Leo Eweani makes the case that the data tsunami is coming. “Businesses are scrambling to respond and spending accordingly. Demand for data analysts is up by 92%; 25% of IT budgets are spent on the data integration projects required to access the value locked up in this data “ore” – it certainly seems that enterprise is doing The Right Thing – but is it?”
Data is exploding within most enterprises. However, most enterprises have no clue how to manage this data effectively. While you would think that an investment in data integration would be an area of focus, many enterprises don’t have a great track record in making data integration work. “Scratch the surface, and it emerges that 83% of IT staff expect there to be no ROI at all on data integration projects and that they are notorious for being late, over-budget and incredibly risky.”
The core message from me is that enterprises need to ‘up their game’ when it comes to data integration.
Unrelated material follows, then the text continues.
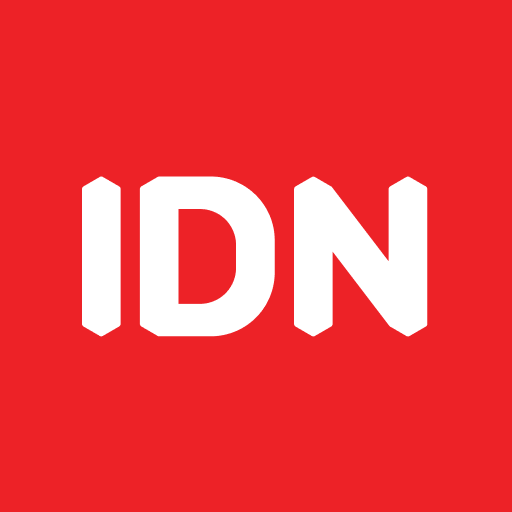 IDN App: Berita & Hiburan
This recommendation is based upon the amount of data growth we’ve already experienced, and will experience in the near future. Indeed, a “data tsunami” is on the horizon, and most enterprises are ill prepared for it.
So, how do you get prepared? While many would say it’s all about buying anything and everything, when it comes to big data technology, the best approach is to splurge on planning. This means defining exactly what data assets are in place now, and will be in place in the future, and how they should or will be leveraged.
To face the forthcoming wave of data, certain planning aspects and questions about data integration rise to the top:
Performance, including data latency. Or, how quickly does the data need to flow from point or points A to point or points B? As the volume of data quickly rises, the data integration engines have got to keep up.
Data security and governance. Or, how will the data be protected both at-rest and in-flight, and how will the data be managed in terms of controls on use and change?
Abstraction, and removing data complexity. Or, how will the enterprise remap and re-purpose key enterprise data that may not currently exist in a well-defined and functional structure?
Integration with cloud-based data. Or, how will the enterprise link existing enterprise data assets with those that exist on remote cloud platforms?
While this may seem like a complex and risky process, think through the problems, leverage the right technology, and you can remove the risk and complexity. The enterprises that seem to fail at data integration do not follow that advice.
I suspect the explosion of data to be the biggest challenge enterprise IT will face in many years. While a few will take advantage of their data, most will struggle, at least initially. Which route will you take?